Prediction of Year 2005, 2010, 2015 for Maharashtra and Konkan using SVR

Fig. 7
Three grouped bar graphs of the amount of rainfall from April to December for Maharashtra and Konkan using A N N. The highest values for ground truth in 2005, 2010, and 2015 are July 1340, July 1405, and June 266, and for prediction are August 1017, August 1069, and July 259.

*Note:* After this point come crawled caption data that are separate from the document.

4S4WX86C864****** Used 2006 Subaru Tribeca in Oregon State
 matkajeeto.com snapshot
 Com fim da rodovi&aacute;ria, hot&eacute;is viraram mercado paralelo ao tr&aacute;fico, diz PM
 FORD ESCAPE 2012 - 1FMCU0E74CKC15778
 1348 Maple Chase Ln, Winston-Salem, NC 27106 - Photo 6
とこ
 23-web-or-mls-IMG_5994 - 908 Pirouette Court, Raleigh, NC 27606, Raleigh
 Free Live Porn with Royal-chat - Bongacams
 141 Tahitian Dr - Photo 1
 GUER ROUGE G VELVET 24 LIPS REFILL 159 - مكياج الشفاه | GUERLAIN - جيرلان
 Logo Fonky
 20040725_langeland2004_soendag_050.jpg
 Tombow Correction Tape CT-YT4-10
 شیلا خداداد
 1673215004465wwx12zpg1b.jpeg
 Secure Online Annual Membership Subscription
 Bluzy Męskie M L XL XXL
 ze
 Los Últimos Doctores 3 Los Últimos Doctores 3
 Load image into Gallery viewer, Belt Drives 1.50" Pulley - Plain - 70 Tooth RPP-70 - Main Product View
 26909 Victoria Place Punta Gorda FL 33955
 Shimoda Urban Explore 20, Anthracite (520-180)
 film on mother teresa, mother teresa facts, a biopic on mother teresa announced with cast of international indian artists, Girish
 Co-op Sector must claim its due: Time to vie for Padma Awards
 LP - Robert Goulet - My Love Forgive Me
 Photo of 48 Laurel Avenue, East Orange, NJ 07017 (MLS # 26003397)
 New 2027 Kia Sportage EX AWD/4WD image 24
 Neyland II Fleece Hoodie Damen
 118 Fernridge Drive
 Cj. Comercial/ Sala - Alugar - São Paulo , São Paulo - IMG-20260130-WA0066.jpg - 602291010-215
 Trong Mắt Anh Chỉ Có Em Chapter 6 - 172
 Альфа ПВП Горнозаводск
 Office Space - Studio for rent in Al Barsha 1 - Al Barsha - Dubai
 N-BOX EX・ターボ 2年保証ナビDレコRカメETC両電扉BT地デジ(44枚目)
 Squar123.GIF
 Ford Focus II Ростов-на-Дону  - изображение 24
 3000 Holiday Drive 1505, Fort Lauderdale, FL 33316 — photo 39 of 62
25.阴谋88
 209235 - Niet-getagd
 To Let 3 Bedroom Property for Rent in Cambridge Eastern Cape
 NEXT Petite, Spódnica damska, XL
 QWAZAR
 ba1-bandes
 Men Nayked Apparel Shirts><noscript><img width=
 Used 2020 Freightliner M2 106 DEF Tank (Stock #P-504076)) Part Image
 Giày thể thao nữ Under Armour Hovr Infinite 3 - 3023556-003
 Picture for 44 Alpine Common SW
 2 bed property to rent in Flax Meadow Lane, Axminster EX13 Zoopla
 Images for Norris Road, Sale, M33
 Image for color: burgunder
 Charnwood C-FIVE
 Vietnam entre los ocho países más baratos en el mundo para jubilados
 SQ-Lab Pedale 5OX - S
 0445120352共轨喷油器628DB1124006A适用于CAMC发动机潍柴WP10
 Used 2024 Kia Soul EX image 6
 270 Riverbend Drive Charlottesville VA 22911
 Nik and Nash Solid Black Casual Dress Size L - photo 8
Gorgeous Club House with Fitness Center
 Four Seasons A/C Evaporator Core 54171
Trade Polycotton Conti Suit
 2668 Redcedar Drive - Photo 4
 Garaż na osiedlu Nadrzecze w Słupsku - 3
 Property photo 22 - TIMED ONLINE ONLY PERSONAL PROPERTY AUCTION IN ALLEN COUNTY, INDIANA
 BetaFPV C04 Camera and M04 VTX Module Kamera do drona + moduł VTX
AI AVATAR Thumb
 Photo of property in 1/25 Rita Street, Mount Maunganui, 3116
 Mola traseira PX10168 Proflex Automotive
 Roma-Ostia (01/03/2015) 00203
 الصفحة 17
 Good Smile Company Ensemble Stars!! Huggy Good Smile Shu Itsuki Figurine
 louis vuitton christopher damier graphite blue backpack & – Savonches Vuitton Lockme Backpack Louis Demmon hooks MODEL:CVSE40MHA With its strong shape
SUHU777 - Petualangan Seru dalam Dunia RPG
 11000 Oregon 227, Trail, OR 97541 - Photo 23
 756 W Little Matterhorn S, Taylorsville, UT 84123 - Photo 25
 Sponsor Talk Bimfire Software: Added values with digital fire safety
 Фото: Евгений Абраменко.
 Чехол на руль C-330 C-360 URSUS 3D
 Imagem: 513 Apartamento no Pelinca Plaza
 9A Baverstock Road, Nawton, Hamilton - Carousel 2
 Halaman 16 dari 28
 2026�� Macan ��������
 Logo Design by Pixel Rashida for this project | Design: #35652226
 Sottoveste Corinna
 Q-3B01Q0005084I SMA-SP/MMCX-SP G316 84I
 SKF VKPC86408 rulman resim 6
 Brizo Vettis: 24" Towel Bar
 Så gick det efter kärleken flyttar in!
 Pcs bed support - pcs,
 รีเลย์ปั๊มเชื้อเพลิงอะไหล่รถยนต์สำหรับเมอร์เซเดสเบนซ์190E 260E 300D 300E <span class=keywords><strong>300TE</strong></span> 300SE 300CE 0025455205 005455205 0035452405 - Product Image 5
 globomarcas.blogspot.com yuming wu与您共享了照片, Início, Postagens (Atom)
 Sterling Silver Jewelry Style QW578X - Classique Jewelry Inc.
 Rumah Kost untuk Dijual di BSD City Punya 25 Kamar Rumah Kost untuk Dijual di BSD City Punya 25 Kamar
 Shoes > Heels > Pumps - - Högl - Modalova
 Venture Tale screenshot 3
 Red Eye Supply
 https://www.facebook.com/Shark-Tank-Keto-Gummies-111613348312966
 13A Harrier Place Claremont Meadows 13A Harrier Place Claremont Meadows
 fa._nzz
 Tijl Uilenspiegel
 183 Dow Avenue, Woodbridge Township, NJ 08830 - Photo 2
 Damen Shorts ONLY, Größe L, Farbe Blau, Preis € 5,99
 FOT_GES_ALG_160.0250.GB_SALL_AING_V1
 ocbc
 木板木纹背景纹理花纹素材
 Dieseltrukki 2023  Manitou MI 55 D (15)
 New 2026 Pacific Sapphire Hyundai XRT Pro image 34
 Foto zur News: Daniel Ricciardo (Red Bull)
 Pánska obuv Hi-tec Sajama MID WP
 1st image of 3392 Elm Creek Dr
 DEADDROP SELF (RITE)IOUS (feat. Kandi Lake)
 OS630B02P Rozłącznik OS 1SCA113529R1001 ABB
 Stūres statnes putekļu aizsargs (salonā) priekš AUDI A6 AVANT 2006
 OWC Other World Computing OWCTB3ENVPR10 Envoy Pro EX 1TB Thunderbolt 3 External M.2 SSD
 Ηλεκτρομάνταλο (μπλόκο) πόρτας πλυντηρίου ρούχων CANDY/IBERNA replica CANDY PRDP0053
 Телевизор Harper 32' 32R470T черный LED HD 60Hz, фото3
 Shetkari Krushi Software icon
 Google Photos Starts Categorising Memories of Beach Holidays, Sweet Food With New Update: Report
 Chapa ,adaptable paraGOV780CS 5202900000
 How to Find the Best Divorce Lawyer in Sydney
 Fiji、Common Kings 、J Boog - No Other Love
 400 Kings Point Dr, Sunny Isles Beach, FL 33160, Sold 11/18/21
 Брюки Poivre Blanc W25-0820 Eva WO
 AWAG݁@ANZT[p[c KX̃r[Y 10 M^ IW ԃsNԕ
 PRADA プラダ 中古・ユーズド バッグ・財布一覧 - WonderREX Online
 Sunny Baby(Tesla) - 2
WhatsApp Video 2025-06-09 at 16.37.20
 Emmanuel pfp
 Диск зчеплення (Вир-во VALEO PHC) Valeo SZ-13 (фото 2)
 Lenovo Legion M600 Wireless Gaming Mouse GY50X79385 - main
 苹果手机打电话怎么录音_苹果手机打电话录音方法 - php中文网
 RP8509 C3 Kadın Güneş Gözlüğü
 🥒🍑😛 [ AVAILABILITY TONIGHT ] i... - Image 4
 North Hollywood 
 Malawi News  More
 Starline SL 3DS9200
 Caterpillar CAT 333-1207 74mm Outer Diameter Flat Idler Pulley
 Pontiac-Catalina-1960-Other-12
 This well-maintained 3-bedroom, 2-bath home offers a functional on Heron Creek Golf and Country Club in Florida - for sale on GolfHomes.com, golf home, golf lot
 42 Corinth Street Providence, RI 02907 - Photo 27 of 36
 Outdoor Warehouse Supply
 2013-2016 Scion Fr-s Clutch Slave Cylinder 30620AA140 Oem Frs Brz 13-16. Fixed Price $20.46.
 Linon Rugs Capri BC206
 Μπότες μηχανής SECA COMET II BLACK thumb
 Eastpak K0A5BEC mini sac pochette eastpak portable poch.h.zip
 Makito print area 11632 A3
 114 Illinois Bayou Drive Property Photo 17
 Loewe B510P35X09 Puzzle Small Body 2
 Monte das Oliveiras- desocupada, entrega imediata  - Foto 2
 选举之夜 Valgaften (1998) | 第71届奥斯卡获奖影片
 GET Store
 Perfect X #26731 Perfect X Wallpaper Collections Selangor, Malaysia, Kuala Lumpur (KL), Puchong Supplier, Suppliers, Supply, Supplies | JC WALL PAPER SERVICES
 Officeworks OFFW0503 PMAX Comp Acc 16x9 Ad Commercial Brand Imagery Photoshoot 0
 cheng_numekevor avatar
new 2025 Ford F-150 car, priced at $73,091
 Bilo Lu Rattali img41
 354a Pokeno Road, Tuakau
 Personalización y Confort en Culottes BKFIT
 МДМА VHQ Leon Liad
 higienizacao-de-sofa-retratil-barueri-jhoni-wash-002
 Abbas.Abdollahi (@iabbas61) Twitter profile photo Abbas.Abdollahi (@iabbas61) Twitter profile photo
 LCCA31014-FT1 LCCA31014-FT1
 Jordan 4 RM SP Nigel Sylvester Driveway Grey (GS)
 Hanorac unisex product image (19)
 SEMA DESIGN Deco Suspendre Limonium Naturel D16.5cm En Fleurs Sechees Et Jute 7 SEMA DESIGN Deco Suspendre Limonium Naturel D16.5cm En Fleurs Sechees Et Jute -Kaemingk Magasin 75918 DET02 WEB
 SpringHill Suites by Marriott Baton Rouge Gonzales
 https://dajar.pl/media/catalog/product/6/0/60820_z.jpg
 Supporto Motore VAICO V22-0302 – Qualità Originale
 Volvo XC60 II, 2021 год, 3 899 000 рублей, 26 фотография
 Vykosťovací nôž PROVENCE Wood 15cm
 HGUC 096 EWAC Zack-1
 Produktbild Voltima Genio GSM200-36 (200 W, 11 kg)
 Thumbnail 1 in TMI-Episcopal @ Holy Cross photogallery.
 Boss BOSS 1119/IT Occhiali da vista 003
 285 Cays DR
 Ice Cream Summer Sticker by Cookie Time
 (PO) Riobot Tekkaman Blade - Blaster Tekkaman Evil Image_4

Prediction of Year 2005, 2010, 2015 for Maharashtra and Konkan using ANN

9 Conclusion

Forecasting rainfall often can be helpful to make decisions regarding agro-based fields, having prior knowledge about the rainfall can help mitigate and foresee problems. In this paper a long term forecasting of rainfall in Maharashtra is done with the help of predictive modelling and deep neural networks, this study also provides a practical proof which supplements the fact that for annual rainfall in Maharashtra and Konkan is variable and unevenly scattered over the monsoon and non-monsoon period. The visualization of Indian rainfall made it clear that there is a lot of variance and discreteness in the rainfall pattern. To produce desired load forecasts, three forecasting techniques i.e. LR, SVR and ANNs were considered for evaluation by using multiple performance metrics. Significant weather profiles from eight different cities were selected to develop a synthetic weather station.. The results yielded by the two machine learning models (linear regression and SVR) depict the incompetency of the machine learning models for prediction of rainfall due to fluctuations in rainfall. It is also observed that the neural network model used for experimentation has performed better on the nonlinear time series data even though the number parameters in the dataset were limited on the basis of the evaluation metrics such as MAE, MSE, R2_score. In future, multiple prospects of this research can be explored for further development. In future experimentation more powerful neural network model such as LSTM (Long Short-Term memory) and RNN can be implemented on the non- linear data in order to get more accurate results for prediction and analysis. Even the dataset can be made more modular by adding some more parameters to obtain better results.